Title: Two new machine learning approaches for text classification
Abstract: Text document classification is one of the most well studied applications of machine learning. Yet this technology is still limited by practical difficulties and invalid underlying assumptions.
First, many people who want text classifiers do not have the time or resources to annotate a dataset. They often employ a heuristic alternative: they create word lists for each label class, and then perform prediction by selecting the class whose list matches the largest number of words in the text. This heuristic is theoretically unjustified, and mistakenly assigns the same importance to every word in the list. I show that list-based classification can be viewed as a (very!) special case of Naive Bayes. Based on this analysis, it is possible to estimate weights for each word without supervision, using the method-of-moments.
Second, machine learning approaches to text classification nearly always begin with an IID assumption. Yet words can mean different things to different people, raising the possibility for misunderstandings even in human-human conversation. One potential solution is to relax the IID assumption by personalizing text classifiers to the author. An apparent roadblock is the challenge of obtaining labeled data for each author. I will present a method that sidesteps this requirement by relying on the sociological theory of homophily, which states that people who are socially connected tend to share personal traits. This idea can be formalized by estimating node embeddings for each individual in a social network, and then using these embeddings to drive a social attentional mechanism in a neural ensemble classifier. The resulting system obtains significant improvements on sentiment analysis in Twitter. This project is joint work with Yi Yang.
Bio: Jacob Eisenstein is an Assistant Professor in the School of Interactive Computing at Georgia Tech. He works on statistical natural language processing, focusing on computational sociolinguistics, social media analysis, discourse, and machine learning. He is a recipient of the NSF CAREER Award, a member of the Air Force Office of Scientific Research (AFOSR) Young Investigator Program, and was a SICSA Distinguished Visiting Fellow at the University of Edinburgh.

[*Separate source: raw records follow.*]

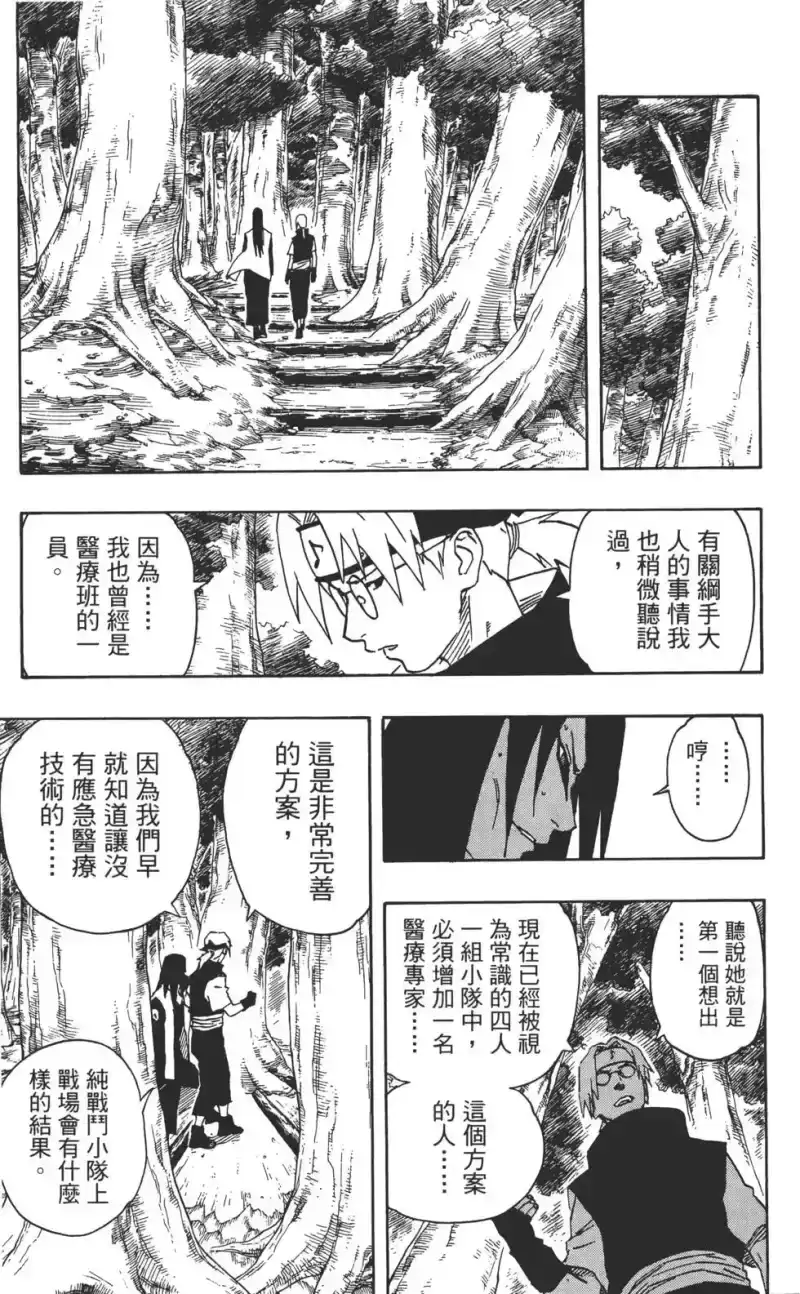 火影忍者_h 第18卷 第8页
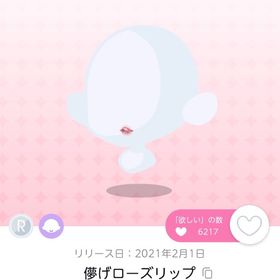 儚げローズリップ 双子分 | ポケコロツイン(ポケツイ)のアイテム、RMTの販売・買取一覧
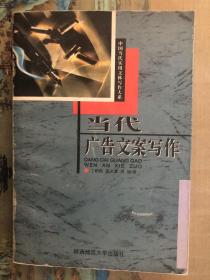 当代广告文案写作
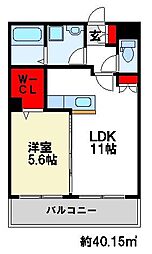 マウンテンブルーバード 2階1LDKの間取り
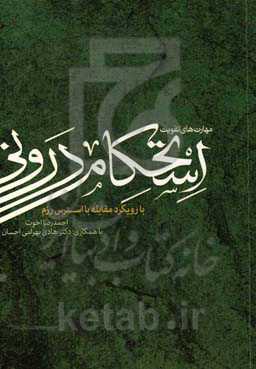 مهارت‌های تقویت استحکام درونی: با رویکرد مقابله با استرس رزم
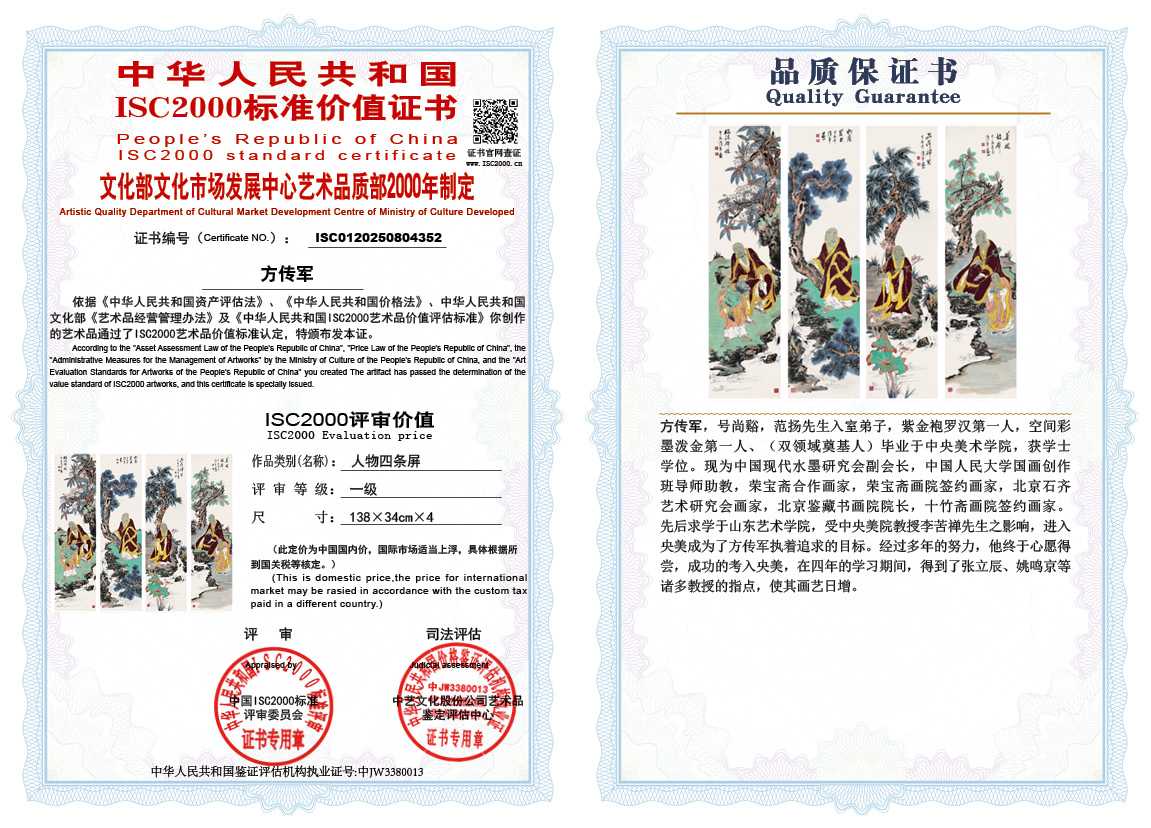 方传军352《人物四条屏》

His work has also been supported by the National Institutes for Health, the National Endowment for the Humanities, and Google. Jacob was a Postdoctoral researcher at Carnegie Mellon and the University of Illinois. He completed his Ph.D. at MIT in 2008, winning the George M. Sprowls dissertation award. Jacob's research has been featured in the New York Times, National Public Radio, and the BBC. Thanks to his brief appearance in If These Knishes Could Talk, Jacob has a Bacon number of 2.